* Task to carry out
Only the lines below starting at the one that contains "三菱ふそう キャンター 小型" and ending at the one that contains "Şamaxıda torpaq sürüşməsi oldu" are to be reproduced, exactly and with both ends kept.

START Source data

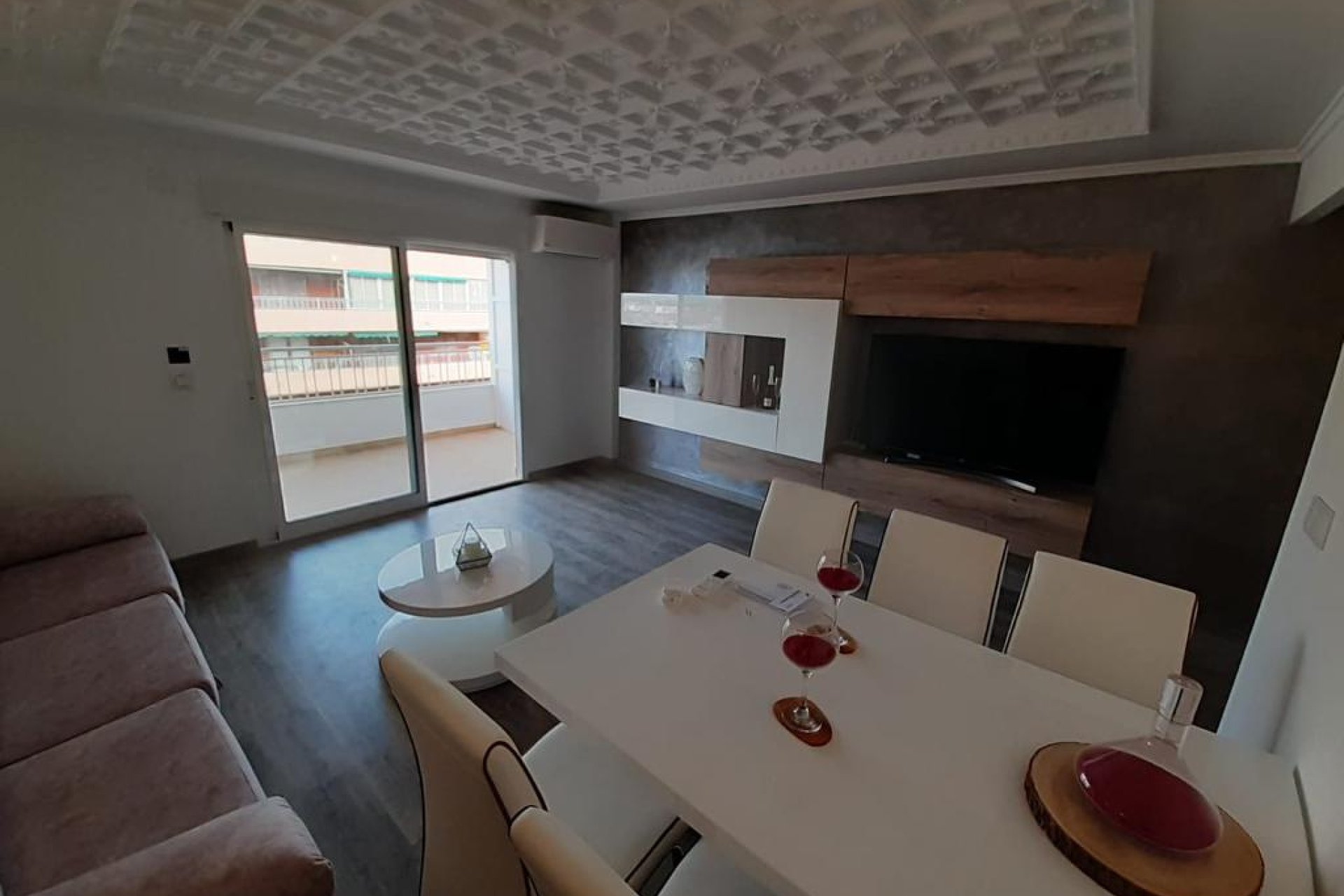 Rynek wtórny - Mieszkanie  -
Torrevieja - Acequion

END Source data
START Source data

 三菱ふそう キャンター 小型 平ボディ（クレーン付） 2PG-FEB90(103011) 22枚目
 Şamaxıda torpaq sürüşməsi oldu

END Source data

* Your response
 三菱ふそう キャンター 小型 平ボディ（クレーン付） 2PG-FEB90(103011) 22枚目
 Şamaxıda torpaq sürüşməsi oldu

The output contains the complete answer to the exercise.